▶ [Task statement]:
As the answer, set down the lines below from the one containing "Mobilize Gelly Case Xiaomi Redmi 9T Clear" through the one containing "AIR JORDAN 1 RETRO HIGH OG 'GREEN GLOW'", exactly and inclusively, and no others.

▶ [Source material]:
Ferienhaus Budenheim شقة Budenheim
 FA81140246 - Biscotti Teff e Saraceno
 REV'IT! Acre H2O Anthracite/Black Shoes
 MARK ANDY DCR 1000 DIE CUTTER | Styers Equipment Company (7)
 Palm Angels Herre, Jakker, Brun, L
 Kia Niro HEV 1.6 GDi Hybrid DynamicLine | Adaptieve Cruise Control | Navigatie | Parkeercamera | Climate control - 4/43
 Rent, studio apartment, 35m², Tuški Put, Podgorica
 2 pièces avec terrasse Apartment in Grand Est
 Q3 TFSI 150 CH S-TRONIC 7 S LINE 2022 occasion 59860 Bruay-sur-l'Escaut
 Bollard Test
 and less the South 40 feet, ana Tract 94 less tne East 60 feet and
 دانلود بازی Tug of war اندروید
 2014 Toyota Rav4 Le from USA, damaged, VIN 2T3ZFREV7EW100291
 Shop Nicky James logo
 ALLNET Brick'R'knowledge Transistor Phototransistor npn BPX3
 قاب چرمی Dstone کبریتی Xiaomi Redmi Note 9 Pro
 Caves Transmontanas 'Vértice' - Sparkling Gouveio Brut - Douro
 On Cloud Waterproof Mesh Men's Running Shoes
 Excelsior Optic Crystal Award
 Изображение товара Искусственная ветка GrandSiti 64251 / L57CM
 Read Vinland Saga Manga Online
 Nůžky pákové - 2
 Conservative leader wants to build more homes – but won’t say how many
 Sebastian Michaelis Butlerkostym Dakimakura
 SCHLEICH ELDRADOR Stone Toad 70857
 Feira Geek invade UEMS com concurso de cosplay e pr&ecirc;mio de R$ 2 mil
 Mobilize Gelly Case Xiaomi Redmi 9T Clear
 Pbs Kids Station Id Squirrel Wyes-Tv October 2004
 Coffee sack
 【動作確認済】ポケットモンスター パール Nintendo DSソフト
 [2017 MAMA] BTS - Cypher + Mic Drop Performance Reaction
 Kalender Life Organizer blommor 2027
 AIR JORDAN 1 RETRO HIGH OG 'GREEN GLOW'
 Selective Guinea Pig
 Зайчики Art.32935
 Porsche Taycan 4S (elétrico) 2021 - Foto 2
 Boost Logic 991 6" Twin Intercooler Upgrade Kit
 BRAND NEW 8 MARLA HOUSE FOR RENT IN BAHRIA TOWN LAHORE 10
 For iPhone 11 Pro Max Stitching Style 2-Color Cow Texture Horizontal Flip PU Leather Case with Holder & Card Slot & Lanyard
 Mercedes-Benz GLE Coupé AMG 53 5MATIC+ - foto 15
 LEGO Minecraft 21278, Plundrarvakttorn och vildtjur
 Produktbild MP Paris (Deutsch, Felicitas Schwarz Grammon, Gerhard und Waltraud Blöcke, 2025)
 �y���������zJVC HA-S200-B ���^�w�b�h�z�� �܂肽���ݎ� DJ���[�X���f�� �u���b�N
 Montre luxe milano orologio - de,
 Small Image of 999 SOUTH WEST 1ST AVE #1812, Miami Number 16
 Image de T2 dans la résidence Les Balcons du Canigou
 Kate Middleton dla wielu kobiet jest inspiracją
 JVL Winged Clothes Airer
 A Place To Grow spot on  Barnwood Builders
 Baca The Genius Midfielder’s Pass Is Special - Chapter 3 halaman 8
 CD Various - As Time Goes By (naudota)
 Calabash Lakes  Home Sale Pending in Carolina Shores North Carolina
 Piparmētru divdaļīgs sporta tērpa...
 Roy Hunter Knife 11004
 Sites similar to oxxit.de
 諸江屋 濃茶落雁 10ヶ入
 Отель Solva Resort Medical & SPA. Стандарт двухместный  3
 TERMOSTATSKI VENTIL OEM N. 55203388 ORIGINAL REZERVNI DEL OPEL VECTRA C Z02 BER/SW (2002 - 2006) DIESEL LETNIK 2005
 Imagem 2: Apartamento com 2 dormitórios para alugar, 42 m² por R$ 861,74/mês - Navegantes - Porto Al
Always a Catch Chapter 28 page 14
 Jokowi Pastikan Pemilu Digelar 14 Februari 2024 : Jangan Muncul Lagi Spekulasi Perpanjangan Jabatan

▶ [Exercise result]:
 Mobilize Gelly Case Xiaomi Redmi 9T Clear
 Pbs Kids Station Id Squirrel Wyes-Tv October 2004
 Coffee sack
 【動作確認済】ポケットモンスター パール Nintendo DSソフト
 [2017 MAMA] BTS - Cypher + Mic Drop Performance Reaction
 Kalender Life Organizer blommor 2027
 AIR JORDAN 1 RETRO HIGH OG 'GREEN GLOW'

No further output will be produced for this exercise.